# Exterior Receptacle - clapboard siding



## Ashful (May 28, 2015)

I need to mount one quad box and one duplex box, for exterior receptacles.  Siding on barn is 1/2" x 6" cedar clapboard on 1" furring strips, over old siding.  Entire barn to be spray-foamed on Tuesday, so this is my last shot at doing anything that's penetrating the wall.

Yes, I know I can mount exterior Red-Dot boxes on the outside, but would love to not have boxes hanging off the outside of the barn.  Since the reveal on the siding is 4", less than the height of the average quad-box cover plate, I'm wondering if there's a better way to go than just mounting the box on ears, penetrating the wall.  I do, at this point, still have the option to swap two duplex boxes, mounted horizontal, for the single quad... so that's  a fall-back.

Related, I need to mount some gooseneck lights with 4-3/4" mounting flanges.  Here, I'm thinking just 6" hole saw thru siding, use same hole saw to cut a 6" round slug of trim board, and mount box in trim board slug.  Lights of choice are http://www.barnlightelectric.com/go...ck-lighting/the-original-warehouse-shade.html.

Ideas?


----------



## semipro (May 31, 2015)

I don't like the way outlets mount directly in clapboard so I flush mounted an electrical box in a separate piece of 5/4 stock trim.  Because the 5/4 stock is thicker than the bevel siding I installed flashing above.   I do this for light fixtures too.


----------



## Ashful (May 31, 2015)

Was hoping you'd comment, semipro.  I plan to do the same with my lights, using a 6" hole saw to saw the clapboard (not thru sheathing), and the using the same hole saw to cut a 5/4" plug to fit the hole.  This is for a fixture with a 4-3/4" mounting plate on a 4" octagonal box... haven't figured out how to drip cap a round slug, just yet.

For the receptacles, had to get it done yesterday, so I just bought 3-1/2" deep metal switch boxes, and routed thru both clapboard and sheathing.  I slid them in from the outside, mounted a 2x4 on back side of sheathing, and screwed box (inside-out) to 2x4.  Clean install, as my routing is meticulous, and I'm using the same cover you show above.  Top edge and sides of cover will be caulked to siding before painting.  Since I mounted horizontally in the middle of a clapboard (didn't want to cut courses), the the top of cover plate is about 1/2" below edge of the clapboard above.  It would not be difficult for me to slide a sheet with drip edge up under the courses above the receptacles, but not sure it's necessary.  What do you think?


----------



## semipro (May 31, 2015)

Ashful said:


> It would not be difficult for me to slide a sheet with drip edge up under the courses above the receptacles, but not sure it's necessary.
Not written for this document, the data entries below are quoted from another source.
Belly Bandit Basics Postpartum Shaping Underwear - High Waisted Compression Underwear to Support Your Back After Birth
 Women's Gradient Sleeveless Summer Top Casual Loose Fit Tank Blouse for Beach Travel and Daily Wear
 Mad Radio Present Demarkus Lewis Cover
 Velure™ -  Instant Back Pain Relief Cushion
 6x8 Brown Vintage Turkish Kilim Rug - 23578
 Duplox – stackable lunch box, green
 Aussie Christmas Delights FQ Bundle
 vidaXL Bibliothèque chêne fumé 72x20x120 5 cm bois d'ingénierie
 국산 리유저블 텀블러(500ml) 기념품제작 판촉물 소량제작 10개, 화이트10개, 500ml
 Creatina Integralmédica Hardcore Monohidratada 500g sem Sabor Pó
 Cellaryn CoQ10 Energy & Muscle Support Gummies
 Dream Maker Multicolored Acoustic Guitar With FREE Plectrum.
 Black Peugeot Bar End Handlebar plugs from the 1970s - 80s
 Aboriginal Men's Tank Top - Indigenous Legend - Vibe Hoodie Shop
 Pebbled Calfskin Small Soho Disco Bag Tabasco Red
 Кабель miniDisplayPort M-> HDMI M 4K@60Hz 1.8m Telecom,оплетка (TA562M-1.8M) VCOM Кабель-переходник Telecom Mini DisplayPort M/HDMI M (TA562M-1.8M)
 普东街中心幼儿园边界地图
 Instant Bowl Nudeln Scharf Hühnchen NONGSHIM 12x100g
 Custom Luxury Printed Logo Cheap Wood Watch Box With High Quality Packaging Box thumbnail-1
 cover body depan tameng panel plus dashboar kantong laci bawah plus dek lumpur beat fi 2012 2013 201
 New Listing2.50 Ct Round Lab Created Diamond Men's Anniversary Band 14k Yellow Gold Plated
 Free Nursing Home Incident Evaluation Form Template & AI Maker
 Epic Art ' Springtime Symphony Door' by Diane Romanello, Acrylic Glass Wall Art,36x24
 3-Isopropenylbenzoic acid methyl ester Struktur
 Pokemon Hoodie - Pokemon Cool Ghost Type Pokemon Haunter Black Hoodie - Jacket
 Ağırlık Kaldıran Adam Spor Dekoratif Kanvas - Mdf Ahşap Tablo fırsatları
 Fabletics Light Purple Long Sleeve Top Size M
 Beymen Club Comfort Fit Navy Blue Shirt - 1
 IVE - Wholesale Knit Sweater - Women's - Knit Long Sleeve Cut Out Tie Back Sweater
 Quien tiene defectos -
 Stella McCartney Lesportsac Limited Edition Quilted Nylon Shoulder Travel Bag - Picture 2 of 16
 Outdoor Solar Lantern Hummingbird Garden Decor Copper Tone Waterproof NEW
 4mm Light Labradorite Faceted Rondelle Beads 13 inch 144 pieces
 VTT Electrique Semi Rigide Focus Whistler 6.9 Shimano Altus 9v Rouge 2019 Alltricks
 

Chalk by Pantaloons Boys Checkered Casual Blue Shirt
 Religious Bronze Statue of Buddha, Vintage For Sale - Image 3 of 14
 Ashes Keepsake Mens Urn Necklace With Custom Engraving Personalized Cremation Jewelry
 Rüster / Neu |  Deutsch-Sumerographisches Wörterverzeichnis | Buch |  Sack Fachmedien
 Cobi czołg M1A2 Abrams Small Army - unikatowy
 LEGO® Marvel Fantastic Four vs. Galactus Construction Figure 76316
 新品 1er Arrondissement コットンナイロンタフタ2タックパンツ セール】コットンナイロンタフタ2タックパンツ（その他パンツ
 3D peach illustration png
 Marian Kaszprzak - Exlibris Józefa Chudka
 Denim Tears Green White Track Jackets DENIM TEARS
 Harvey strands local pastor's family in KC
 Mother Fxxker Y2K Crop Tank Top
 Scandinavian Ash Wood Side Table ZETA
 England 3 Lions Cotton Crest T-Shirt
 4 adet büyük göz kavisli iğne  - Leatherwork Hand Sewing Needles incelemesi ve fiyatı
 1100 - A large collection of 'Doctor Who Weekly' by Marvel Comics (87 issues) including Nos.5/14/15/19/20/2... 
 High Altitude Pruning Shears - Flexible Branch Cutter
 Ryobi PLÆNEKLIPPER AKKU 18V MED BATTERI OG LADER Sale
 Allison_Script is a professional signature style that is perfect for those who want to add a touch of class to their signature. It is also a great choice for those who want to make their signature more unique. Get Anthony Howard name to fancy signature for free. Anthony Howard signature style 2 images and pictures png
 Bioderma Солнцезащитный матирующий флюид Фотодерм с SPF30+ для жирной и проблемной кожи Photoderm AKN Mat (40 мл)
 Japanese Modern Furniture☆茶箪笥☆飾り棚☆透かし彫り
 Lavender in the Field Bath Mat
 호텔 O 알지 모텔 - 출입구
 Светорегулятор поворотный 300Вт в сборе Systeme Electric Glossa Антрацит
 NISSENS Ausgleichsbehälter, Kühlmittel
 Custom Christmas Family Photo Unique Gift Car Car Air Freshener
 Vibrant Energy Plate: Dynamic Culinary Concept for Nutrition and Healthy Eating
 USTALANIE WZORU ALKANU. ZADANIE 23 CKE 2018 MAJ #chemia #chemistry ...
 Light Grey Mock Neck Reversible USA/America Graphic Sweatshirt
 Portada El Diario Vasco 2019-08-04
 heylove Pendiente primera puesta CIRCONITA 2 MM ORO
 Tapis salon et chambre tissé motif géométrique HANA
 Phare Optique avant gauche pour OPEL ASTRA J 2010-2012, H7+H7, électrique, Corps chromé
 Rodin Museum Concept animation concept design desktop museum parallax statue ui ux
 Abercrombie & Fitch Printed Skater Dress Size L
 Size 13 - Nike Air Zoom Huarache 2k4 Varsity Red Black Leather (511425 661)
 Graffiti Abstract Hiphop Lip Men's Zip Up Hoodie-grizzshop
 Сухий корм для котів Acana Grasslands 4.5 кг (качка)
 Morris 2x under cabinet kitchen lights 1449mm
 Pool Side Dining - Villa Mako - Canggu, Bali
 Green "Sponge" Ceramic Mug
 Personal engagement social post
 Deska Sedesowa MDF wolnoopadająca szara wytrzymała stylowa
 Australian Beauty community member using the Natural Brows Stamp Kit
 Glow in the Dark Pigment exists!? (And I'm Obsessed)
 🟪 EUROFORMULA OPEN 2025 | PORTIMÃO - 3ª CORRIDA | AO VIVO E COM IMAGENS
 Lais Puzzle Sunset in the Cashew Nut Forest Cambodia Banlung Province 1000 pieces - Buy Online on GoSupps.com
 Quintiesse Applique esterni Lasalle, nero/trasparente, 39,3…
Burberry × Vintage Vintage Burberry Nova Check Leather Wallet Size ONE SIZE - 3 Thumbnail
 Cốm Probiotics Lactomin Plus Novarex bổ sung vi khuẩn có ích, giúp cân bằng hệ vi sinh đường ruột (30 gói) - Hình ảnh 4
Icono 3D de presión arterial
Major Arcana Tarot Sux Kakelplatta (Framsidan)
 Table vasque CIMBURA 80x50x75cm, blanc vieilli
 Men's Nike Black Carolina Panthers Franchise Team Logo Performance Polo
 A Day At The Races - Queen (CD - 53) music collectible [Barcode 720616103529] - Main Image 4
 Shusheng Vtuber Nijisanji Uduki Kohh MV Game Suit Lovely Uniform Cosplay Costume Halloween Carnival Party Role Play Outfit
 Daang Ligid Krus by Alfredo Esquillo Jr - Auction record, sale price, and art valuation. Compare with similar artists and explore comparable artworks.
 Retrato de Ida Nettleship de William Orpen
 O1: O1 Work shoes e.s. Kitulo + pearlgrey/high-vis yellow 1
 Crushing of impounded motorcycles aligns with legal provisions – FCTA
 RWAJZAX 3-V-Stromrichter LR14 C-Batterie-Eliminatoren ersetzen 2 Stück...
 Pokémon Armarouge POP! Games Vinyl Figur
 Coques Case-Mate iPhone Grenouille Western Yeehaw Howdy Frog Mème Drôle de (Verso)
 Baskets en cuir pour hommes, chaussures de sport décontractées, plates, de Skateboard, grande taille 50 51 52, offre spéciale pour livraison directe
What do you think?


I don't think I'd have added the drip edge in my case had not the 5/4 board protruded beyond the face of the siding. 
That said, I integrated the drip edge into my (liquid) water barrier (Tyvek) just like you'd do above a window or door.  I'm not sure how you handled penetration of you water barrier but assume there's potential for any water that gets behind the siding to enter the wall where your electrical box penetrated the water barrier? 
Assuming the metal switch boxes you used were the weathertight type, water entering through the outlet itself shouldn't be able to get into your wall.  If you used a standard (non weathertight) metal box I'd be concerned about water entry through the many holes characteristic of those types of boxes.  I wouldn't trust the simple foam gaskets and spring closures on those outlet covers to keep all water out of the box.


----------



## Ashful (May 31, 2015)

semipro said:


> I don't think I'd have added the drip edge in my case had not the 5/4 board protruded beyond the face of the siding.
> That said, I integrated the drip edge into my (liquid) water barrier (Tyvek) just like you'd do above a window or door.  I'm not sure how you handled penetration of you water barrier but assume there's potential for any water that gets behind the siding to enter the wall where your electrical box penetrated the water barrier?
> Assuming the metal switch boxes you used were the weathertight type, water entering through the outlet itself shouldn't be able to get into your wall.  If you used a standard (non weathertight) metal box I'd be concerned about water entry through the many holes characteristic of those types of boxes.  I wouldn't trust the simple foam gaskets and spring closures on those outlet covers to keep all water out of the box.


Was thinking about that as I did this, yesterday.  In my case, clapboard siding is hung as rainscreen construction.  Basically, from inside out... framing, sheathing, tyvec, 1" furring, then siding.  So, any leakage drains down back side of siding.  Any penetration that can carry water to sheathing should drain down outside of tyvec.  That said, I did use a standard metal box, as I figured water in the box is not something I want (I deal with that with my many receptacles set into various masonry walls around the property).  Since I was cutting in thru siding at sheathing at same time, there was no opportunity to deal neatly with tyvec, but I can get in there to tuck flashing behind.

I initially figured any small amount of moisture getting behind that caulked cover plate should drain out of box in space between siding and sheathing, but there is honestly some likelihood it could go into insulated wall cavity, as boxes are angled back just a bit to match rake of siding at cover plate.  After thinking this thru some more, I may open up lower edge of hole thru sheathing some more, and tuck a flashing under box, angled down and out.  This way, any water draining out back of box can be directed back outside.  This would be pretty simple to bend up and install from inside, before insulation goes in... just means pulling wiring and boxes back out, one more time.


----------